“Everyone has the right to freedom of opinion and expression; this right includes freedom to hold opinions without interference and to seek, receive and impart information and ideas through any media and regardless of frontiers”
– Article 19, Universal Declaration of Human Rights
Every year on 3 May, people around the world get together to mark World Press Freedom Day. The commemorations raise awareness of the basic principles of press freedom, honour those who died in the pursuit of truth and serve as a reminder to governments of the need to respect their commitment to press freedom. So what does this day mean for the anti-corruption fight?
The media puts corruption in the spotlight
The media is crucial for illustrating the devastating effects of corruption around the world and providing citizens with information that enables them to stand up to corruption.
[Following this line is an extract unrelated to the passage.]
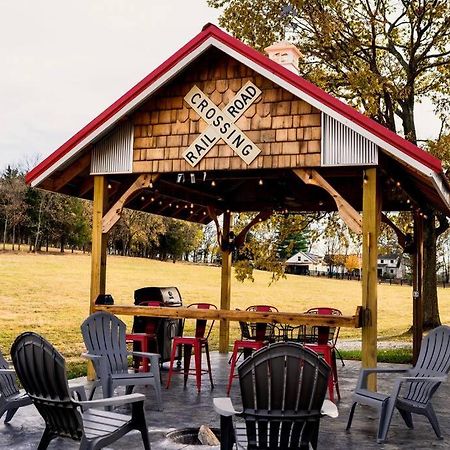 Bourbon Trail: Caboose On The Farm Vila Lawrenceburg Exterior foto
An independent and free media is a cornerstone of democracy and a vital pillar of national integrity and good governance. It is a public watchdog on the abuse of power.
Corruption is a crime that prefers to remain covert and concealed but the media, and especially investigative journalists, can shine a light on those who use their entrusted power for personal gain. Journalists uncover corrupt acts and expose bribery schemes. In Latin America, for example, the work of investigative journalists played a central role in the ousting of several presidents including Fernando Collor de Mello of Brazil, Abdalá Bucarám Ortíz of Ecuador and Alberto Fujimori of Peru due to their involvement in corruption scandals.
The media not only acts as a check on politicians, but also on large businesses. Last month, for instance, investigations by the New York Times revealed Wal-Mart de Mexico’s alleged bribery campaign to win market dominance in Mexico. Among the report’s discoveries is an alleged paper trail that includes hundreds of suspect payments totalling more than US$ 24 million.
The price of reporting on corruption
At the best of times, good journalism gives comfort that wrongdoers will be called to account. However, the story is not always so straight-forward and rosy. Many journalists around the world operate in difficult, and at times dangerous, environments.
In some parts of the world, journalists who seek to expose economic and political corruption do so at great personal risk. As research by the Committee to Protect Journalists shows, crime and corruption are extremely dangerous beats. Thirty-five per cent of journalists killed in the past 20 years covered these two topics.
Local reporters often pay the highest price. Nearly nine out of ten journalists killed around the world report on issues in their own communities. And sadly, impunity prevails – almost nine out of ten journalist murders go unpunished. Because of these terrible statistics, self-censorship is common in many countries. It takes bravery and commitment to report on corruption.
Writing about the truth
Latin America is currently suffering an epidemic of journalist killings. One of the most hard-hit countries is Mexico, where more than 40 journalists have been killed or disappeared since 2006. Only last weekend the body of another Mexican journalist was found beaten and strangled.
Regina Martínez Pérez was known for her reporting on the links between government officials and organised crime. One of her colleagues remarked, “Regina would always write about one-third more of the real truth than I dared to do in any story we covered. And I write more than most reporters”.
It is essential that crimes against the press are fully investigated in order to end impunity and allow justice to take hold in the country.
Working with journalists
Transparency International supports and promotes a free and responsible press to seek accountability, to stop perpetrators from acting with impunity and to promote the transparency that empowers citizens to make informed decisions.
Together with our chapters around the world we encourage, train and collaborate with journalists working on anti-corruption issues. We also seek to recognise journalistic excellence.
The annual Transparency International and Instituto Prensa y Sociedad (Press and Society Institute) Journalism Award, worth US$ 30,000, recognises outstanding investigative journalism in Latin American or Caribbean media. Last year’s first prize was awarded to four Brazilian journalists for their exposé on the diversion of public funds.
During the Latin American Investigative Journalism Conference last year, a new initiative was launched to support investigative journalists’ work against corruption by offering up to 20 scholarships for journalists to travel to the 15th International Anti-Corruption Conference in Brazil this year. During the conference, the journalists will gain valuable insights into how to conduct investigations on themes of great complexity ranging from climate governance and the global financial system to illicit trafficking.
A strong alliance between the media and civil society organisations boosts the watchdog functions of both for the public good, and keeps accountability and transparency high on the world’s agenda. By working together, leaders in both fields provide in-depth knowledge to people around the world about ways in which corruption is affecting them directly and how to join the fight against it.